Sure, xpoint is non volatile, but so what? It is not like servers run on the grid and reboot every time the power flickers LOL. Servers have at the very least several minutes of backup power before they shut down, which is more than enough to flush memory.
Despite intel's BS PR claims, this thing is tremendously slower than RAM, meaning that if you use it for working memory, it will massacre your performance. Also, working memory is much more write intensive, so you are looking at your money investment crapping out potentially in a matter of months. Whereas RAM will be much, much faster and work for years.

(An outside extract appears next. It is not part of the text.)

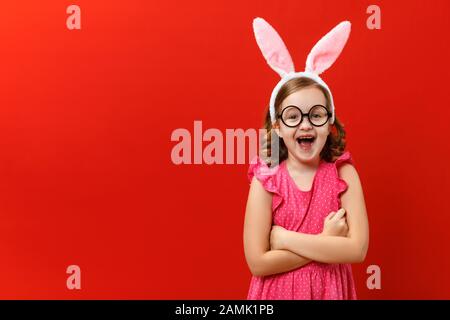 Happy easter. Funny cheerful little girl in rabbit ears and glasses on a red background. The child crossed his arms and looks at the camera. Stock Photo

4 fast NVME SSDs will give you like 12 GB\s bandwidth, meaning that in the case of an imminent shutdown, you can flush and restore the entire content of those 128 gigs of ram in like 10 seconds or less. Totally acceptable trade-back for tremendously better performance and endurance.
There is only one single, very narrow niche where this purchase could make sense. Database usage, for databases with frequent low queue access. This is an extremely rare and atypical application scenario, probably less than 1/1000 in server use. Which is why this review doesn't feature any actual real life workloads, because it is impossible to make this product look good in anything other than synthetic benches. Especially if used as working memory rather than storage.

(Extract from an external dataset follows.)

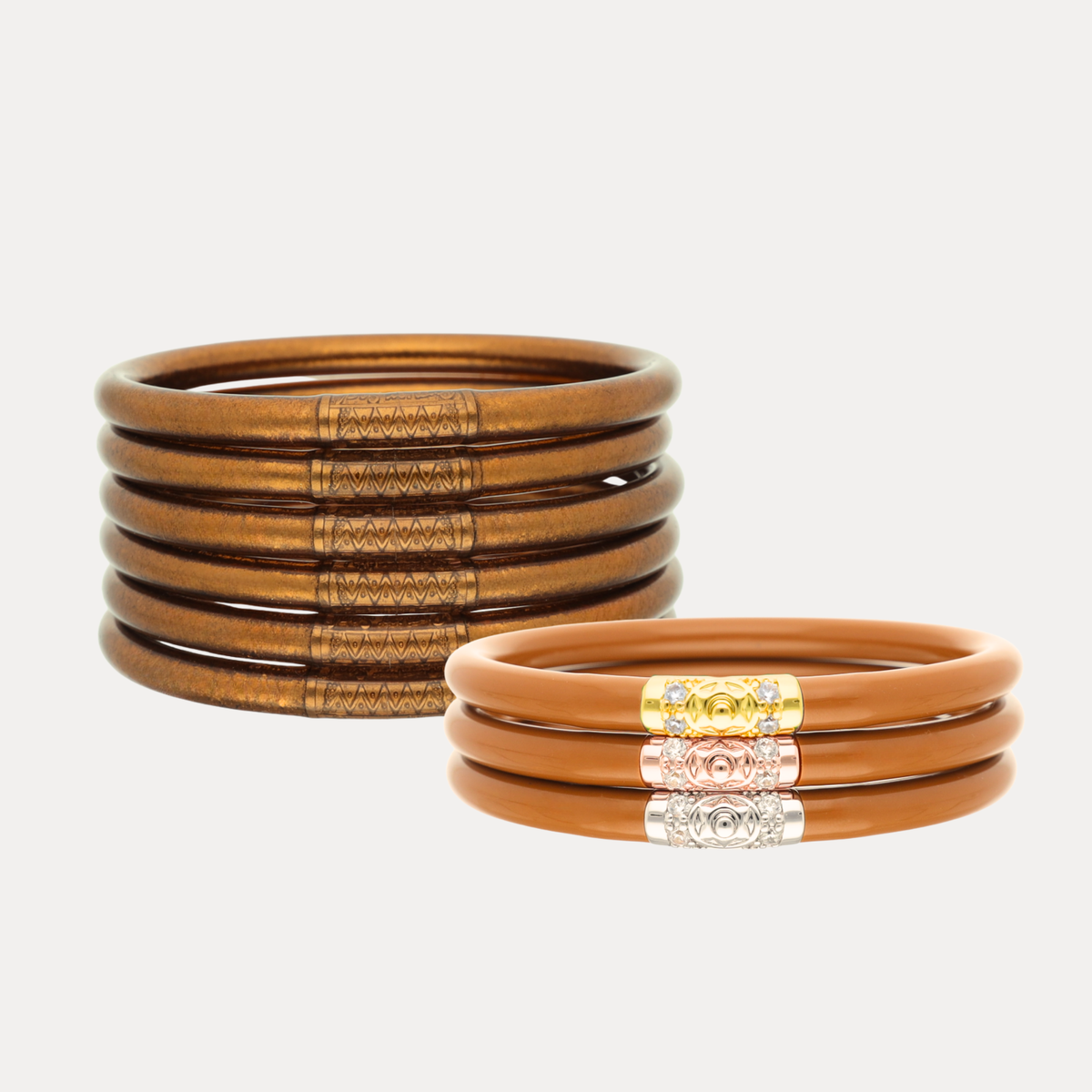 a stack of brown and gold bracelets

IntelUser2000 - Friday, April 21, 2017 - link
ddriver: Do you work for the memory industry? Or hold a stock in them? You have a personal gripe about the company that goes beyond logic.PCI Express latency is far higher than 1us. There are unavoidable costs of implementing a controller on the interface and there's also software related latency.
ddriver - Friday, April 21, 2017 - link
I have a personal gripe with lying. Which is what intel has been doing every since it announced hypetane. If you find having a problem with lying a problem with logic, I'd say logic ain't your strong point.Lying is also what you do. PCIE latency is around 0.5 us. We are talking PHY here. Controller and software overhead affect equally every communication protocol.
Xpoint will see only minuscule latency improvements from moving to dram slots. Even if PCIE has about 10 times the latency of dram, we are still talking ns, while xpoint is far slower in the realm of us. And it ain't no dram either, so the actual latency improvement will be nowhere nearly the approx 450 us.
It *could* however see significant bandwidth improvements, as the dram interface is much wider, however that will require significantly increased level of parallelism and a controller that can handle it, and clearly, the current one cannot even saturate a pcie x4 link. More bandwidth could help mitigate the high latency by masking it through buffering, but it will still come nowhere near to replacing dram without a tremendous performance hit.